My loves, you are so much more than useless numbers. It seems that everything in our society has a grading scale, or a number attached to it. Maybe it's to categorize us as citizens, or maybe it's to make us feel like complete shit. Either way, we have to combat these numbers.
You are not the amount of debt that you have, try your hardest not to let it weigh you down. You are not your credit score. No matter the hundreds, thousands, tens of thousands or hundreds of thousands of dollars in debt that you have, you are not that debt. What do you think of when you think of debt? I think of the classic elementary number line, and I think of negative numbers. Do not place yourself down in the negatives. You may owe money, yes, but that is not all that you are. You are the education that you received from that money, you are the cute clothes and the cute shoes you may have gotten on that Capital One card on a day when you needed to feel happy.
You are not the height that you carry. You are not the ruler. You are perfect. It doesn't matter if you're so tall that you have to look down at all of your friends. It doesn't matter if you're so short that you have to look up to the world. It is not your wrongdoing that the world was not made with you in mind. You are not that discretion, and that is not your inadequacy--you are not flawed.
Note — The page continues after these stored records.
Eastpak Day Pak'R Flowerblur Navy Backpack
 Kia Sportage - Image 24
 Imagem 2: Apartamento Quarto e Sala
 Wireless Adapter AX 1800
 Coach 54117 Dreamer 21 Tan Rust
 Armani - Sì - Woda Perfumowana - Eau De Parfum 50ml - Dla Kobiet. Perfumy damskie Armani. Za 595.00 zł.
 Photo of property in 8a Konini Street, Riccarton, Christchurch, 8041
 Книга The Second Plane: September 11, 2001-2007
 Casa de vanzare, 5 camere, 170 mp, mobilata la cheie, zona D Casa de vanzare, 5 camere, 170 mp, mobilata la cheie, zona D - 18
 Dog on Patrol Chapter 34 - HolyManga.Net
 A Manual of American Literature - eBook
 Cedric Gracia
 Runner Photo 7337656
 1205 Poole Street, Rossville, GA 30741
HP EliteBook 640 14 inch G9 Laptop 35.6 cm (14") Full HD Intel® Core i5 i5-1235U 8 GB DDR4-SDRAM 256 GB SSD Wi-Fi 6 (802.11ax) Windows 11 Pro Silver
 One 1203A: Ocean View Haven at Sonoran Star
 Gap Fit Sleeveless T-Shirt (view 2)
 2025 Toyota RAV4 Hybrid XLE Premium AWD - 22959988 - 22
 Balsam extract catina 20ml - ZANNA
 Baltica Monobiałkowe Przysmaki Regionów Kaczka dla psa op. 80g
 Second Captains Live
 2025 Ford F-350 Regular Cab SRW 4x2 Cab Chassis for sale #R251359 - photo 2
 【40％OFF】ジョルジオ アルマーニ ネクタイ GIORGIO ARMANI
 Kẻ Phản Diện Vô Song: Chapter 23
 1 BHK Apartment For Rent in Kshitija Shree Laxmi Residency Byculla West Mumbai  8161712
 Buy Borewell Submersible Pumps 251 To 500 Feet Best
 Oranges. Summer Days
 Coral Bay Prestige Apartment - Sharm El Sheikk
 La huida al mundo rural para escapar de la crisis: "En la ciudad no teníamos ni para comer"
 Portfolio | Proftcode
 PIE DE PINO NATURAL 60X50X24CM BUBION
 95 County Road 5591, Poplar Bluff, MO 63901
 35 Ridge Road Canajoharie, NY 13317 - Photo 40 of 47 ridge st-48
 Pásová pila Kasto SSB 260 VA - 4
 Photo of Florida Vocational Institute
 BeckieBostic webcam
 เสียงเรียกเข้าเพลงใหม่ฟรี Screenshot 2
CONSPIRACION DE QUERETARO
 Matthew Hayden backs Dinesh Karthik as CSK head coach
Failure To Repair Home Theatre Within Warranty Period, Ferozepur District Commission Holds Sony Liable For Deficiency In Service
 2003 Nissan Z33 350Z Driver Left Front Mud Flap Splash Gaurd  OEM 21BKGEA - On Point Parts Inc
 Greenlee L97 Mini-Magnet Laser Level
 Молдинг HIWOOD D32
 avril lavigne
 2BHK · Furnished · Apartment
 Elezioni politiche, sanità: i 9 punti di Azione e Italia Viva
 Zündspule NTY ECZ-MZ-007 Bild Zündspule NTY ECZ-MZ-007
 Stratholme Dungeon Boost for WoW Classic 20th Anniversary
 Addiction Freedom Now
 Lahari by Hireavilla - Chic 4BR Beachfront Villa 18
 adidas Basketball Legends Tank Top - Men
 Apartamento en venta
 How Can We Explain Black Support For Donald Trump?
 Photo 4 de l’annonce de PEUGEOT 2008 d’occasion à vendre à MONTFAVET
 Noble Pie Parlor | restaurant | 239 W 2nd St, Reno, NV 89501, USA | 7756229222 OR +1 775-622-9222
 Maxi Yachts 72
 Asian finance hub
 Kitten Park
You are not your sexual partner number. You should not feel forced to either have sex in order to increase that number, or not have sex to try and plateau or make up for having too many partners. You are your pleasure, you are your agency, you are your sensitive skin, and you are your shivers--whether that's with a partner or not. You are not a number.
I usually have to repeat to myself that I am not a mere number. I have to tell myself that no matter how fat I am, no matter how big my tits are, no matter how chunky my short legs are, no matter how much student loan debt that I have, no matter much that scale tells me that I weigh, that I am not a number. You take it for what it is, and you swipe it off of your shoulders. I know that it's hard.
It's hard for me to step on the scale and see the number that I see. Sometimes I get sad about it, and starve myself all day, just to come home and stuff myself with dinner. I am not that number. I am my breasts. I am my soft skin. I am my mop-like hair that desperately needs colored. It's also hard for me to see how much student debt that I have, and it's hard for me to look at my monthly bills when my salary isn't even enough to pay them. But in 20 years will I be so bad off? Lets hope not.
We have to rise up and we have to love ourselves. We are not a stupid collection of numbers. We are people. We have to stop comparing ourselves to everyone else. We have to stop dieting and start living. Instead of hating yourself for having that footlong sub, or that ice cream.. give yourself some love! Why do we treat ourselves so badly?! We have to stop, and I'm as much to blame as any of you could be.
Who's with me? Lets take a stand. Lets not measure our worth with numbers.